Abstract: This work aims for providing low power, high performance receiver architecture for MC-CDMA receiver. We provide a dynamically reconfigurable FFT architecture to switchover from 64 points to 16 points based on the channel parameters(i.e.)delay spread, which otherwise would have been designed for the worst case FFT length which are our potential source of power reduction. Clock gating with FFT point reconfigurability technique is used to switchover from low length to high length FFT or vice versa. This work explores different possible ways of power reduction in the major internal blocks of FFT based on the data dependency. The simulation results are compared in terms of power dissipation, area and performance with the existing system. Results show that we could achieve a overall power reduction of more than 50% and improvement in the performance to about 24% with slight increase in area of 4.13%. The proposed architecture is modeled using Verilog HDL, simulated using NCLaunch of Cadence and synthesized with TSMC 180 nm and also with 45 nm Technology.
Introduction
The Fast Fourier Transform (FFT) is one of the fundamental operations in the field of DSP, telecommunications, speech and image processing, etc. Recently, the FFT is used as one of the key components in OFDM based wideband communication systems.
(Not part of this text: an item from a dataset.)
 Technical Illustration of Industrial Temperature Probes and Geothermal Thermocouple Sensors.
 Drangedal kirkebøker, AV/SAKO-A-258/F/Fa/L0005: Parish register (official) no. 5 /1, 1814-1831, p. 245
It is desirable for wireless receivers to adapt their operation rather than only be targeted for fixed or worst case scenario. These receivers will have to be flexible enough to accommodate various operating conditions while meeting computational requirements and simultaneously achieve low-power consumption. The combined requirement on providing high-performance and flexibility with low-power consumption is the focus of the architecture implemented in this paper. The commutator and complex multiplier contribute a dominating part of the whole power consumption and acts as a leading actor with the increase of FFT size. The complex multiplier has high switching activity between successive coefficients fed to it and by coefficient ordering its power consumption can be reduced.
Previous works
In [1] , the authors proposed a low-power FFT architecture based on multirate signal processing and asynchronous circuit technology. The communication is localized, and the sharing of the global memory is eliminated. To reduce the number of operations in FFT and thus reduce power consumption, some researchers use shifters and adders to replace the complex multiplications by some special constant coefficients. The authors of [2] employ seven shift-andadd units to carry out seven multiplications in parallel, each by a constant coefficient. Papers [2, 3] proposed a multiplier less architecture based on common sub expression sharing, which replaces the complex multipliers in FFTs, and a low-power commutator architecture, which reduces the number of memory accesses. In addition to the pipelined FFT, the parallel-pipelined FFT is a good solution for applications requiring high throughput and high power efficiency. This paper aims for developing an FFT Processor with re-configurability, low-power and high performance. The approach is to implement basic parts that can be combined together to form a reconfigurable architecture, such that these parts should be reusable and the architecture should be adjustable in several parameters. In our case for e.g. FFT size (in case of FFT Processor) [5] .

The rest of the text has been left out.